With a two's complement multiplier and multiplicand, the high-order bit of each has negative weight.

So when adding together the partial products, we'll need to sign-extend each of the \( N \)-bit partial products to the full \( N+M \)-bit width of the addition.

This will ensure that a negative partial product is properly treated when doing the addition.

And, of course, since the high-order bit of the multiplier has a negative weight, we'd subtract instead of add the last partial product.

Now for the clever bit.

We'll add 1's to various of the columns and then subtract them later, with the goal of eliminating all the extra additions caused by the sign-extension.

We'll also rewrite the subtraction of the last partial product as first complementing the partial product and then
This is all a bit mysterious but… Here in step 3 we see the effect of all the step 2 machinations.

Let's look at the high order bit of the first partial product $X_3Y_0$.

If that partial product is non-negative, $X_3Y_0$ is a 0, so all the sign-extension bits are 0 and can be removed.

The effect of adding a 1 in that position is to simply complement $X_3Y_0$.

On the other hand, if that partial product is negative, $X_3Y_0$ is 1, and all the sign-extension bits are 1.

Now when we add a 1 in that position, we complement the $X_3Y_0$ bit back to 0, but we also get a carry-out.

When that's added to the first sign-extension bit (which is itself a 1), we get zero with another carry-out.

And so on, with all the sign-extension bits eventually getting flipped to 0 as the carry ripples to the end.

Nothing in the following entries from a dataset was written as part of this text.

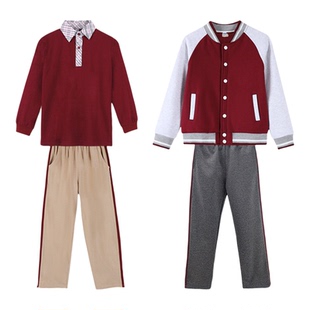 珠海市香洲区统一小学生校服长袖长裤春秋装套装短袖夏装春夏季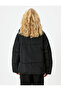 Oversize Puffer Jacket Stand Collar Pocket Snap Closure - 4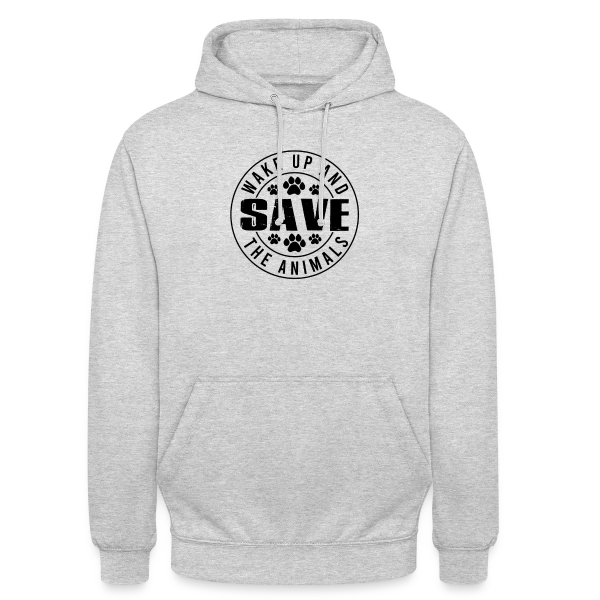 Sauvons les Animaux sur Sweat-shirt à capuche unisexe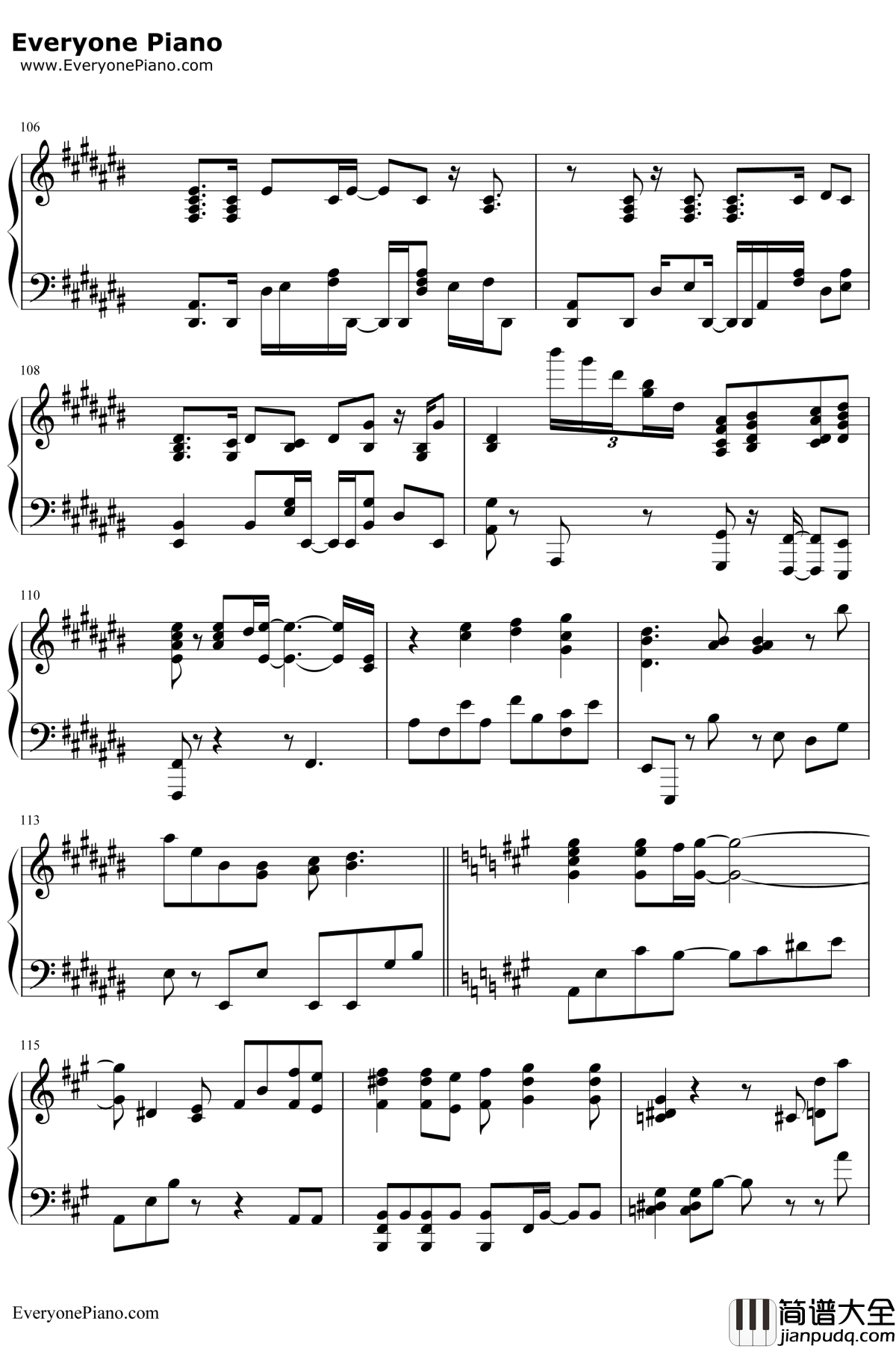 鸟之诗钢琴谱_Lia_动画AIR主题曲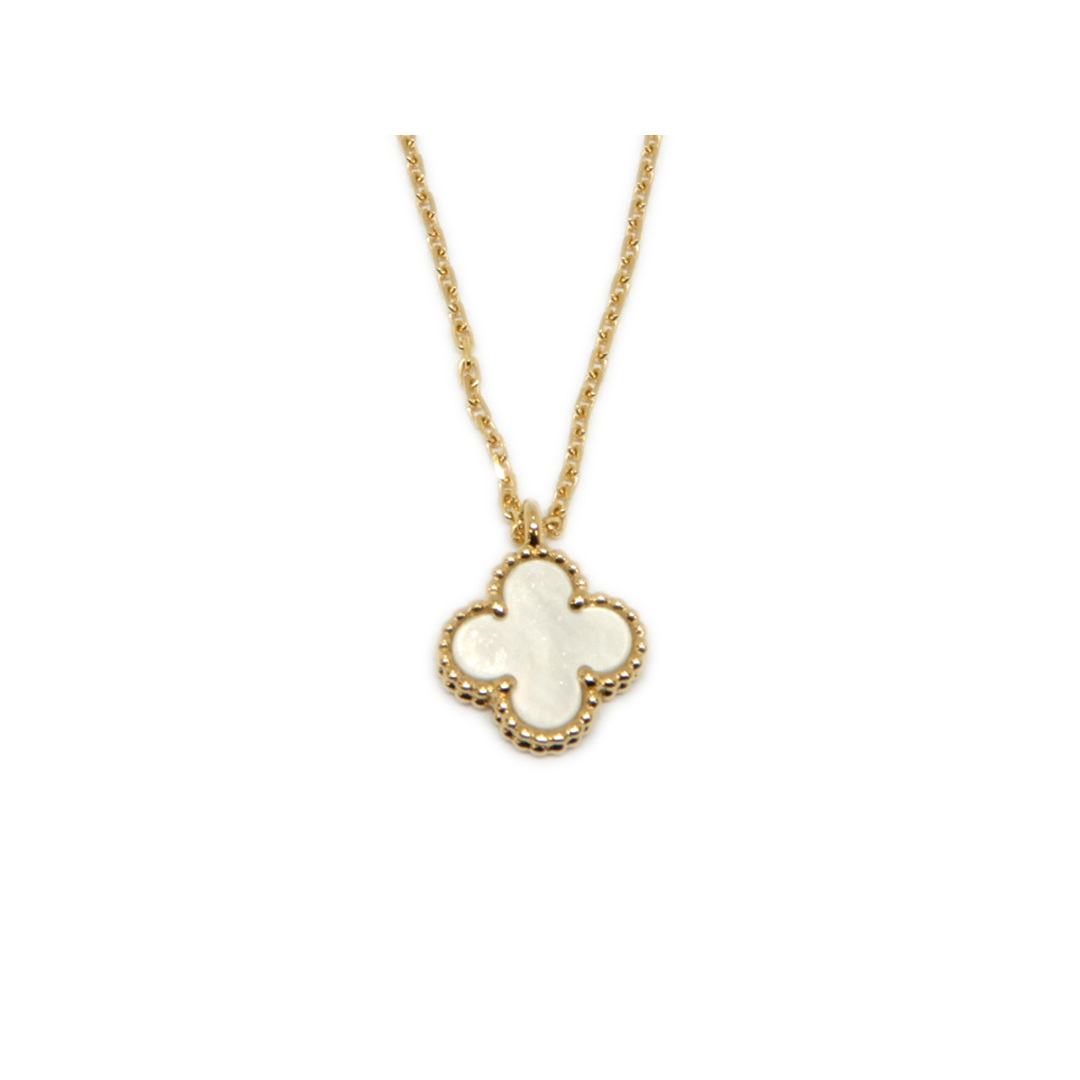 贅沢屋の - Arpels & Cleef Van 【中古】ヴァンクリーフ&アーペル ry 2.7g ネックレス K18YG ネックレス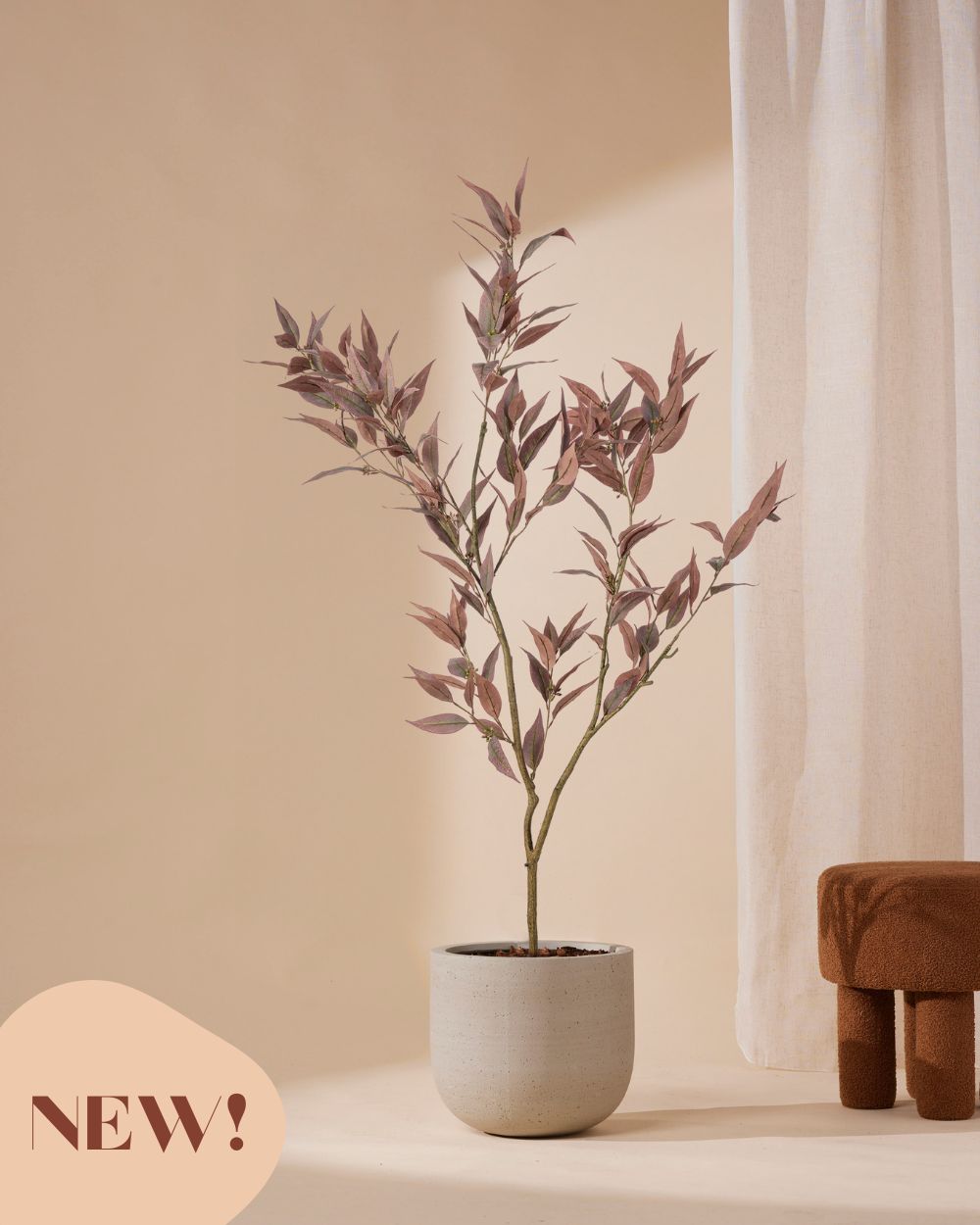 Artificial tree Eucalyptus Burgundy 150 cm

Again the net effect of adding a 1 in that position is to simply complement $X_3Y_0$.

We do the same for all the other sign-extended partial products, leaving us with the results shown here.

In the final step we do a bit of arithmetic on the remaining constants to end up with this table of work to be done.

Somewhat to our surprise, this isn't much different than the original table for the unsigned multiplication.

There are a few partial product bits that need to be complemented, and two 1-bits that need to be added to particular columns.

The resulting circuitry is shown here.

We've changed some of the AND gates to NAND gates to perform the necessary complements.

And we've changed the logic necessary to deal with the two 1-bits that needed to be added in.

The colored elements show the changes made from the original unsigned multiplier circuitry.

Basically, the circuit for multiplying two's complement operands has the same latency, throughput and hardware costs as the original circuitry.